Daniel

NEBUCHADNEZZAR was in such a state when Daniel arrived at about four in the morning with a raincoat thrown over his pajamas that all the customary grovelings and mumbo-jumbo were dispensed with, and he received him the way any man might receive another at that hour—any man, that is, who'd just been scared out of his wits. The guards with their leash of panthers were dismissed, the slatted ivory blinds were pulled shut, and, sitting bolt upright in the middle of his bed with the covers clutched in a knot at his throat, the king stammered out his appalling dream.

He said there was this enormous tree so heavy with leaves and fruit that it gave shade for miles around and all the beasts of the field came to take their ease in it.

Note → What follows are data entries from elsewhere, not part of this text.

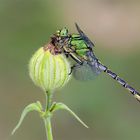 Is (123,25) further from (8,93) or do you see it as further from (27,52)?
(8,93)

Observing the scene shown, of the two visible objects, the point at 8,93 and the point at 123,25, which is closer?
the point at 8,93

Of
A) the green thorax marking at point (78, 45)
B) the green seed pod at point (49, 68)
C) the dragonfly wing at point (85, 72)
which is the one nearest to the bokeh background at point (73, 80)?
the dragonfly wing at point (85, 72)

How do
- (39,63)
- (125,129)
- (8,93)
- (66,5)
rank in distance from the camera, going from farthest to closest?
(66,5), (8,93), (125,129), (39,63)

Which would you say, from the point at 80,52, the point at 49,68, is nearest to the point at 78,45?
the point at 80,52

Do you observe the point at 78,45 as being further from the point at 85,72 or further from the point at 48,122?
the point at 48,122

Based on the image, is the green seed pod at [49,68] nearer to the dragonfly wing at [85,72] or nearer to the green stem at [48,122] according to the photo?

"That's you," Daniel said.

He said there was this creature who came down from heaven bearing orders that the tree was to be chopped down, its branches lopped off, and all its leaves and fruit scattered.”

I guess you know where those orders came from," Daniel said.

He said the mutilated stump that was Nebuchadnezzar had its heart changed to a beast's heart, and ate grass with oxen, and its hair got all matted like feathers, and its nails grew long and yellow like an owl’s.

"That's to help you get back in touch with reality," Daniel said. "You've gotten so used to being treated like a god, you've started believing you are one.”

When the thing finally happened, everybody was very tactful. Nebuchadnezzar would come grazing across the lawn on all fours, and they'd look the other way. He'd lift his leg on the marble balustrade, and business would go on as usual. He'd squat out there in the hanging gardens howling into the dusk as naked as the day he was born, but from everybody's polite expressions, you would have thought it was just the court musicians tuning up for the evening cotillion.

He was still lying out there on the grass one morning when the sun started to come up, and by the time it had cleared the tops of the tallest palms, he was back on two feet again and behaving quite normally. The way he explained it was that as he'd lain there watching the golden rays fan out across the sky, he'd suddenly realized that even a great king like himself must look pretty cheap compared with a god who could put on a show like that once a day and kept putting it on whether the audience was worth it or not because that was the kind of god he was.

"Now you're starting to talk sense," Daniel said. It wasn't long after this that Nebuchadnezzar got back to the office again, full time, with Daniel as his right-hand man. Except for a certain uneasiness in the presence of ruminants and an occasional friendly chat with his psychiatrist, it was comparatively clear sailing from there on out.